**Exercise requirements**:
Each entry that follows should be set down precisely, with its pictures removed.

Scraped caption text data
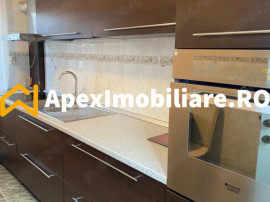 Apartament 3 camere de inchiriat București | ApexImobiliar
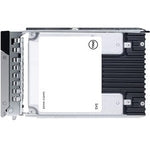 Dell S4520 3.84 TB Solid State Drive - 2.5 Internal - SATA (SATA/600) - Read Intensive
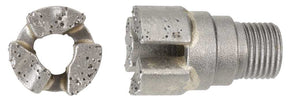 Bordo Diamond Mist Drill Cutter (replaceable)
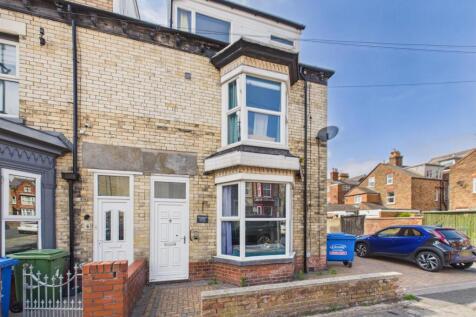 Exterior:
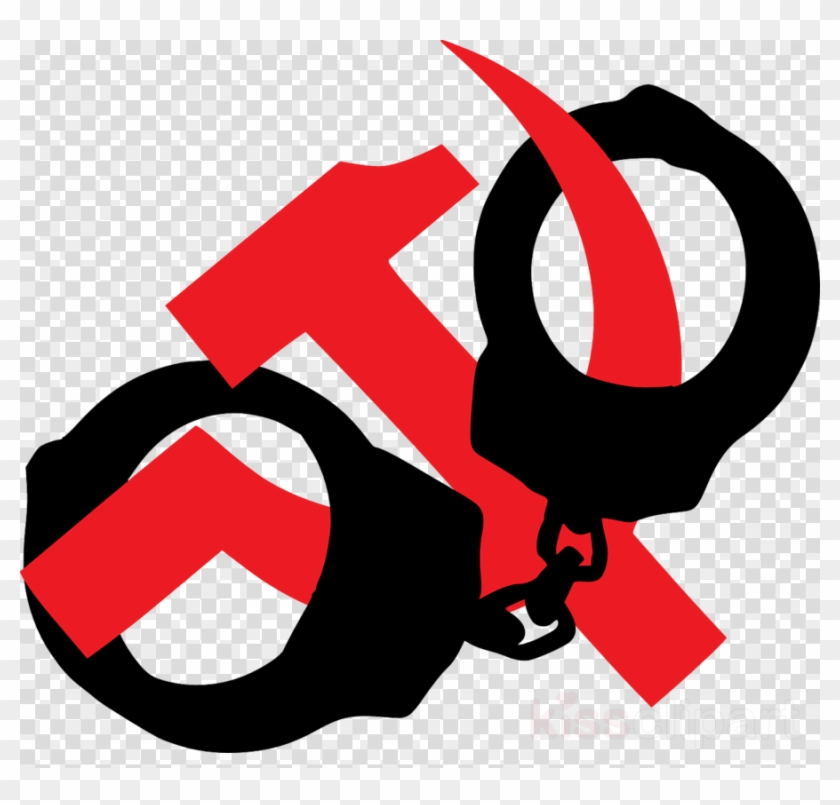 Anti Communism Clipart Anti-communism Communist Symbolism - Communism Clip Art #1693392
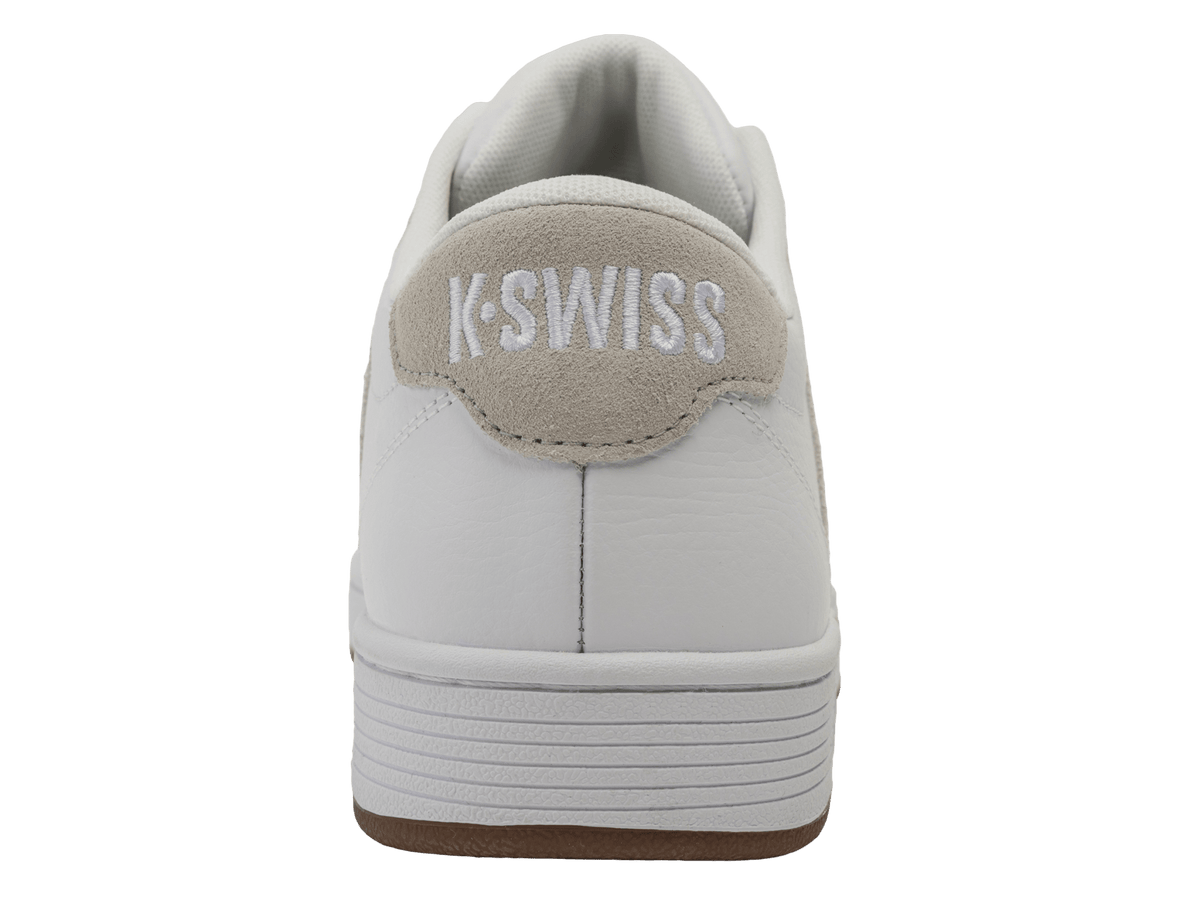 03629-133-M | COURT PRO II CMF | WHITE/GRAY/GUM
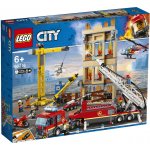 LEGO® City 60216 Hasiči v centru města – Zboží Živě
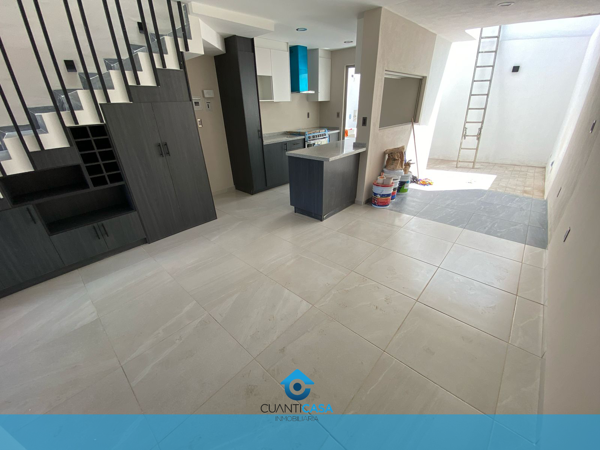 Casa en venta en Nuevo Vergel, Morelia — foto 2 de 12
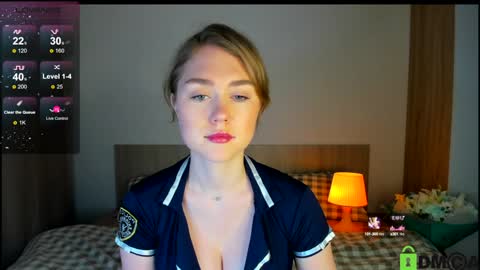 Vanessa Maes online show from December 12, 10:42 pm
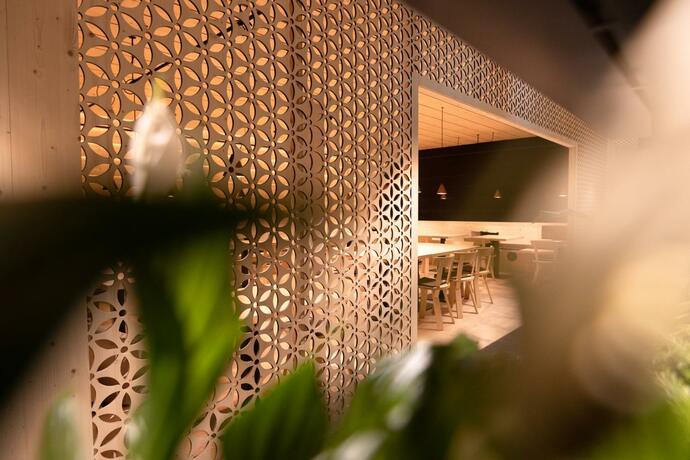 Imagen general del Hotel Amrai Suites. Foto 122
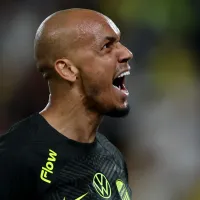 Palmeiras esquece Casemiro e prioriza Fabinho, do Al-Ittihad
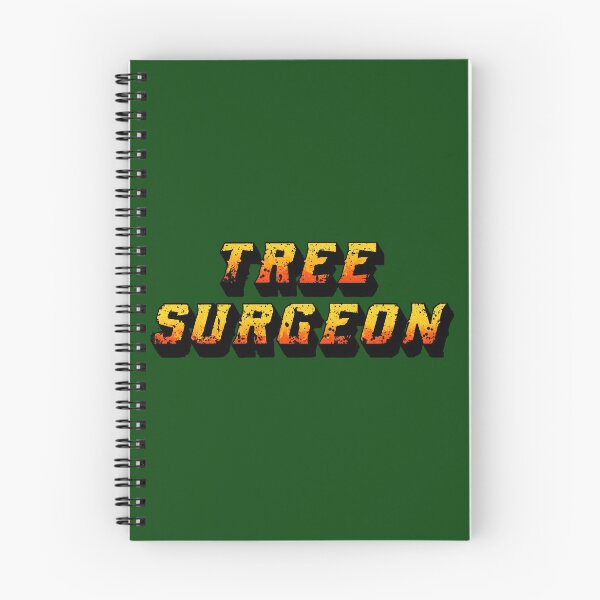 Item preview, TREE SURGEON! designed and sold by TeamMasa.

**Your solution**:
 Apartament 3 camere de inchiriat București | ApexImobiliar
 Dell S4520 3.84 TB Solid State Drive - 2.5 Internal - SATA (SATA/600) - Read Intensive
 Bordo Diamond Mist Drill Cutter (replaceable)
 Exterior:
 Anti Communism Clipart Anti-communism Communist Symbolism - Communism Clip Art #1693392
 03629-133-M | COURT PRO II CMF | WHITE/GRAY/GUM
 LEGO® City 60216 Hasiči v centru města – Zboží Živě
 Casa en venta en Nuevo Vergel, Morelia — foto 2 de 12
 Vanessa Maes online show from December 12, 10:42 pm
 Imagen general del Hotel Amrai Suites. Foto 122
 Palmeiras esquece Casemiro e prioriza Fabinho, do Al-Ittihad
 Item preview, TREE SURGEON! designed and sold by TeamMasa.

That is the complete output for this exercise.